Young American Primitive (real name Greg Scanavino) is a prominent American producer/remixer, and one of the more popular acts to originate from the Bay Area's early 1990s' house scene. He released several 12"s and one full length CD on the San Francisco-based label ZoëMagik, and made several compilation appearances, culminating with the sample heavy "These Waves" being included on Sasha and Digweed's Northern Exposure mix album. Apparently impressed by his remixing skills on Geffen Records' release The Stone Roses' single "Begging You", Scanavino was signed by Geffen in 1996 and finished his second full length album in late 1997. The track "Beyond" was scheduled for single release in November 1997 (complete with music video created by the San Francisco multimedia studio Mind's Eye Media), and the album, titled African Cosmopolitan', was scheduled for a January 1998 release. However, neither appeared and Young American Primitive was apparently dropped by the label. The ZoëMagik-released album was not re-released on Geffen due to unresolved sample clearance issues.
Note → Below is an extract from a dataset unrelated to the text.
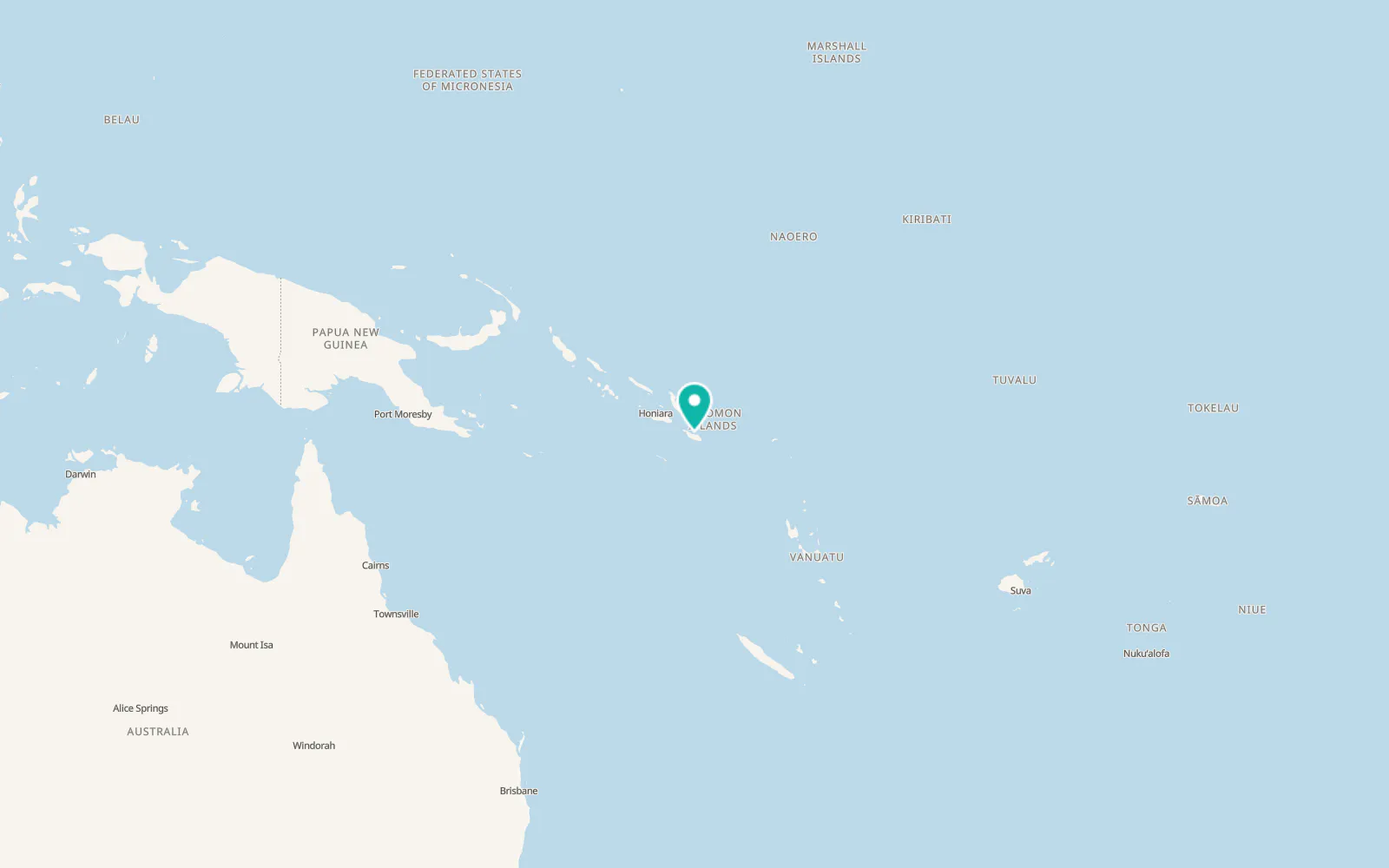 Map of Kirakira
Scanavino returned to the electronic music scene in 2001 with remixes on two popular progressive house tracks, as well as collaborating with the American producer and DJ Jimmy Van M and vocalist Terra Deva on "Forget Time". In 2005, he contributed the track "Voyage To The Great Attractor" to DJ Jonathan Lisle for the second volume in Bedrock's Original Series.
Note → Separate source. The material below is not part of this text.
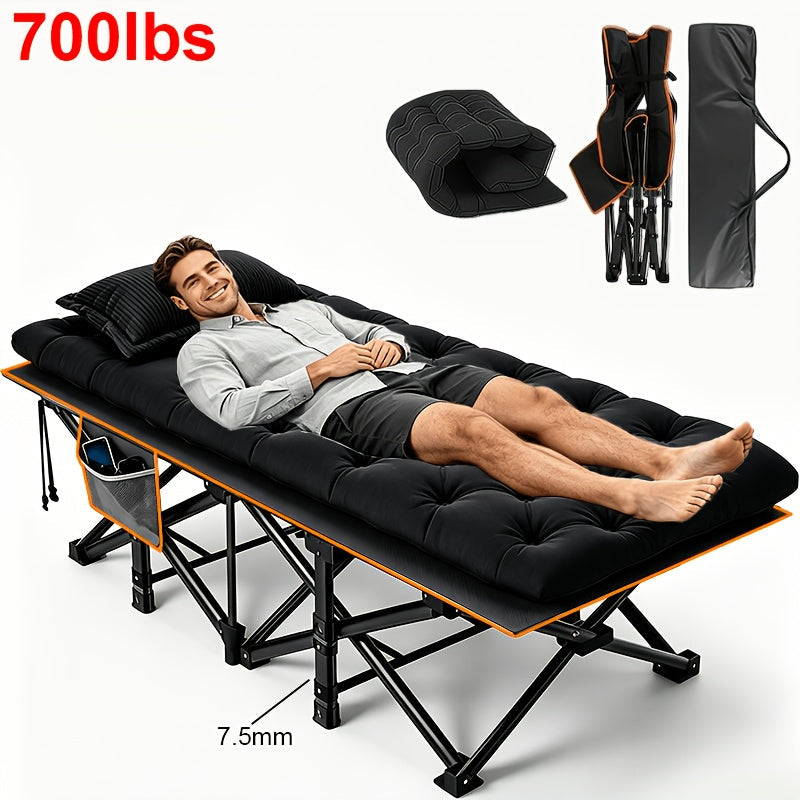 75-Inch Oversized Folding Bed with Tool-Free Assembly for Bedroom Comfort and Support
The voice sampling in the "Intro" is from Alfred Hitchcock's film Rope. The voice samplings on "Flux" and "These Waves" are of Donald Pleasence from The Outer Limits episode "The Man with the Power" (1963). The voice sampling on "Over and Out" beginning with "Did you know that 'if' is the middle word in life..." is of Dennis Hopper from the film Apocalypse Now during the scene when the boat finally arrives at Colonel Walter E. Kurtz's outpost and to be met by Hopper's character.

Scanavino has moved from San Francisco to Brooklyn, New York, according to the address of YAP Lab, where he produced Voyage To The Great Attractor.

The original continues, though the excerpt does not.